The point is that it's using ECB mode with RSA, which indicates the developer has no real knowledge of crypto and is just blindly using pairs of "encrypt/decrypt" functions from Node's built-in crypto lib (which is essentially a thing wrapper around OpenSSL and thus joins its illustrious legacy of encouraging developers to make catastrophic cryptographic implementation mistakes).

In encryptMessage.js, the plaintext is split into chunks, and then chunks.forEach encrypts each chunk (via crypto.publicEncrypt) independently, and concatenates the chunks to form the ciphertext, aka ECB mode. You shouldn't use ECB mode with any cipher because it is not semantically secure. This is Crypto 101.

In addition, it's a bit wacky to use RSA encryption on your entire message because RSA operations are slow and you are limited to encrypting messages that are the length of your RSA key (well, minus the padding, which is how this developer arrived at the "split plaintext into 214 byte chunks" workaround).

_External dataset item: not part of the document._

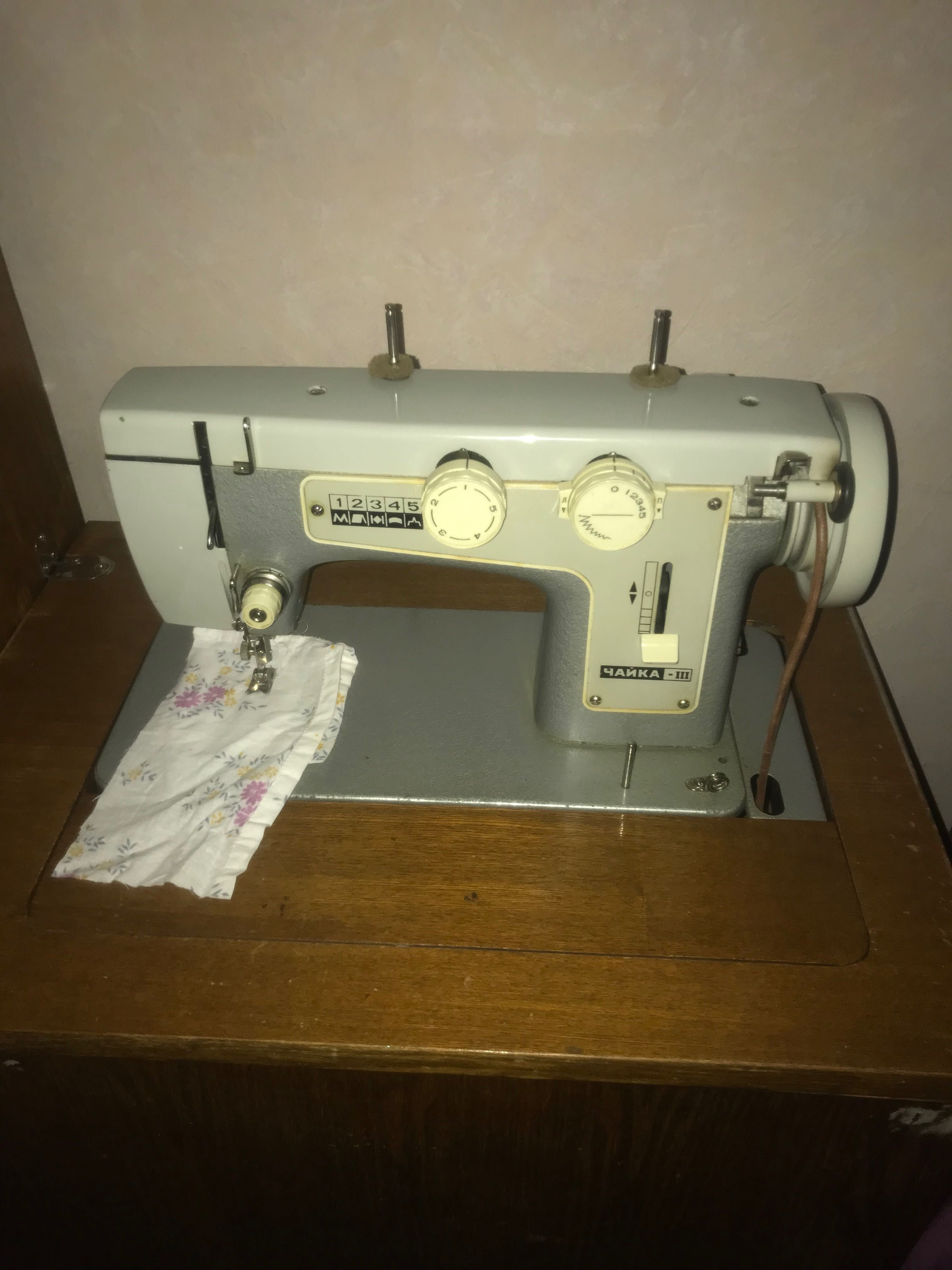 Швейная машинка Чайка-III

A better solution (in every way) would be to use a "hybrid" encryption scheme, similar to TLS or GPG. To do this, you would:

1. Generate a random key for use with a symmetric cipher (e.g. AES-256) 2. Encrypt the plaintext with the random key, using a secure block mode (e.g. CBC, CTR) 3. Encrypt the random key with the RSA public key 4. Package those things together and share it on Github

Efficient and secure. Also totally unnecessary (you basically just reinvented a subset of GPG) but that's neither here nor there.